=== Saved entries ===
________________________________________

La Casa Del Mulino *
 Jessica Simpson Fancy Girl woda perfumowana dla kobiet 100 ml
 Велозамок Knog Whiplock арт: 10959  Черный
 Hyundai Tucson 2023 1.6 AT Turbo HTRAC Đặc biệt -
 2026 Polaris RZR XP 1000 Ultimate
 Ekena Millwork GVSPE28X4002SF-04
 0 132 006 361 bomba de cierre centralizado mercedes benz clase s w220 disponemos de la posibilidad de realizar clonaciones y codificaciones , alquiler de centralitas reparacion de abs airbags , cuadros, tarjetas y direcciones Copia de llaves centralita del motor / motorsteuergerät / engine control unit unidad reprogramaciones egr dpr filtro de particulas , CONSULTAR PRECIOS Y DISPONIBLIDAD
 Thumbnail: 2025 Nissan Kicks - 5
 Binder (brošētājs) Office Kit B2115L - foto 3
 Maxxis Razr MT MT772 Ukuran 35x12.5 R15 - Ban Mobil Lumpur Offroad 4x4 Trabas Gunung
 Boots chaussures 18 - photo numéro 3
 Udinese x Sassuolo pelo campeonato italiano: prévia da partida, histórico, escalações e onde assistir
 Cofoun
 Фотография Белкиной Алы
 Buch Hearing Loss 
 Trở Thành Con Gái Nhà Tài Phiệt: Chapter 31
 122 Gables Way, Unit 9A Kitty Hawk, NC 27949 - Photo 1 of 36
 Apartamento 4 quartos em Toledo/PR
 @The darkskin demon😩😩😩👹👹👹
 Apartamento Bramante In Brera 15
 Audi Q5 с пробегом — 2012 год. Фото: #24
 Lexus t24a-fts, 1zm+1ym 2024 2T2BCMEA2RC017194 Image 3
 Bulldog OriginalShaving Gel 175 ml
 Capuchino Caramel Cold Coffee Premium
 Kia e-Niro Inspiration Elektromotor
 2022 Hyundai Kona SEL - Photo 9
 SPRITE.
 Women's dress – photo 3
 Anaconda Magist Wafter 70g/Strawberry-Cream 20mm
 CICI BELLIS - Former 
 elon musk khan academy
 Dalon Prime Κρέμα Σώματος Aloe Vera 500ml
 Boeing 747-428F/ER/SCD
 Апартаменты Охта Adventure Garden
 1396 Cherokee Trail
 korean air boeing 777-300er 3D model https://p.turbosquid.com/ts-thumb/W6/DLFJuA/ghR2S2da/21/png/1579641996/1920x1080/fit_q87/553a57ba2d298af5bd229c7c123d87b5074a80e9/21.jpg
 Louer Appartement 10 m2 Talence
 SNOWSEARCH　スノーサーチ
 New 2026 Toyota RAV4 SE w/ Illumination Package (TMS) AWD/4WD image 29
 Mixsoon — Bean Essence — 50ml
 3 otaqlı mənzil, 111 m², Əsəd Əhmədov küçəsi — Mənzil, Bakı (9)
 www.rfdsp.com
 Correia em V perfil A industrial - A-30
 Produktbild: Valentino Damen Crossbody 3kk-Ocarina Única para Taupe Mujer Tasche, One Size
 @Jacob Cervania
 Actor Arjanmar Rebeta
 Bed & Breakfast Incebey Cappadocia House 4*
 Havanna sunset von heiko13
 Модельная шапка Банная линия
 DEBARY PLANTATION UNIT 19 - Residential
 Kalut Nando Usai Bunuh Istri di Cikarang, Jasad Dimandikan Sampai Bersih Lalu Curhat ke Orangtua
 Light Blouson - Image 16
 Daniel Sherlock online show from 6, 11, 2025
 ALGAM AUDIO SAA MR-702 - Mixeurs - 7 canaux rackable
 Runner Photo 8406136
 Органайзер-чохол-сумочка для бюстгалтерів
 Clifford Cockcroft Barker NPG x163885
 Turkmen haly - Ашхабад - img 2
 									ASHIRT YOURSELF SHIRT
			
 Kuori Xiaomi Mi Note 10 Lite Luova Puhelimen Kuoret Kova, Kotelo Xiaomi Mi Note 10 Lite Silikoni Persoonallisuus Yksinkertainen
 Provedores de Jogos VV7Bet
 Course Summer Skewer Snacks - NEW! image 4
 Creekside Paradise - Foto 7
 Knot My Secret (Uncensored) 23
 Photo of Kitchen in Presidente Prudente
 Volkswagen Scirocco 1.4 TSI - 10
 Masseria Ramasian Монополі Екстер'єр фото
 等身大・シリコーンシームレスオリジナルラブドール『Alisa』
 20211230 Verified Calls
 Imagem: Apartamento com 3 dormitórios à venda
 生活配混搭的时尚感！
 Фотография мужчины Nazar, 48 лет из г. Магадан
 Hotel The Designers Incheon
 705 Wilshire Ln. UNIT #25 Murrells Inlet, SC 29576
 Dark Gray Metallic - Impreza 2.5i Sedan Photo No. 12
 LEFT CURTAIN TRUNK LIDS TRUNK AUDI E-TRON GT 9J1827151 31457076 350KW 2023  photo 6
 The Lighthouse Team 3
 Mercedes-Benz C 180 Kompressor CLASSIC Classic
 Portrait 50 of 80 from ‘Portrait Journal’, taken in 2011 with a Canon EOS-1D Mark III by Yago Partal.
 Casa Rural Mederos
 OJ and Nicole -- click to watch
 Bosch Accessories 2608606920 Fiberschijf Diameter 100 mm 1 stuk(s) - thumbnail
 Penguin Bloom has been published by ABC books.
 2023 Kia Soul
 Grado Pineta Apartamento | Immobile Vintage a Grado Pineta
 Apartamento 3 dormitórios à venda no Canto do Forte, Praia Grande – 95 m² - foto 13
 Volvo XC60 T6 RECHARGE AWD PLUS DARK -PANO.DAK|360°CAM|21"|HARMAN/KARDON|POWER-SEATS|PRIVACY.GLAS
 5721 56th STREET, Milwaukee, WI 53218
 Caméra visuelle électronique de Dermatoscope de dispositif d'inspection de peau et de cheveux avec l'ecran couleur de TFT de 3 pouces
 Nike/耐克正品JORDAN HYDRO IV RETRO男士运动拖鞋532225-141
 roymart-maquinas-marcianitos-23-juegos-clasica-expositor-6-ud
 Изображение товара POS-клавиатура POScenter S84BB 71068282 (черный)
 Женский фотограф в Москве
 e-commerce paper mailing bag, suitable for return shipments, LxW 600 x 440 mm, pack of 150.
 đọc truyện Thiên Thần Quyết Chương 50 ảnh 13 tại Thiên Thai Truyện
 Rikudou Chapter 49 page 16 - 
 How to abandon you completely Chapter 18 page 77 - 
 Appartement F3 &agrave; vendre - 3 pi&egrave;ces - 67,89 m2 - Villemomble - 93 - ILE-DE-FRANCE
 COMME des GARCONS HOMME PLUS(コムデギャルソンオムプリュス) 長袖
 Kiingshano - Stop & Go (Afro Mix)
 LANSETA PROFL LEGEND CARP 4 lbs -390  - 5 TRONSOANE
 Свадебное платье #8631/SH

________________________________________

Of all the entries above, retype exactly the lines from the line with "Hotel The Designers Incheon" to the line with "Penguin Bloom has", both included, and no others.

=== Task solution ===
 Hotel The Designers Incheon
 705 Wilshire Ln. UNIT #25 Murrells Inlet, SC 29576
 Dark Gray Metallic - Impreza 2.5i Sedan Photo No. 12
 LEFT CURTAIN TRUNK LIDS TRUNK AUDI E-TRON GT 9J1827151 31457076 350KW 2023  photo 6
 The Lighthouse Team 3
 Mercedes-Benz C 180 Kompressor CLASSIC Classic
 Portrait 50 of 80 from ‘Portrait Journal’, taken in 2011 with a Canon EOS-1D Mark III by Yago Partal.
 Casa Rural Mederos
 OJ and Nicole -- click to watch
 Bosch Accessories 2608606920 Fiberschijf Diameter 100 mm 1 stuk(s) - thumbnail
 Penguin Bloom has been published by ABC books.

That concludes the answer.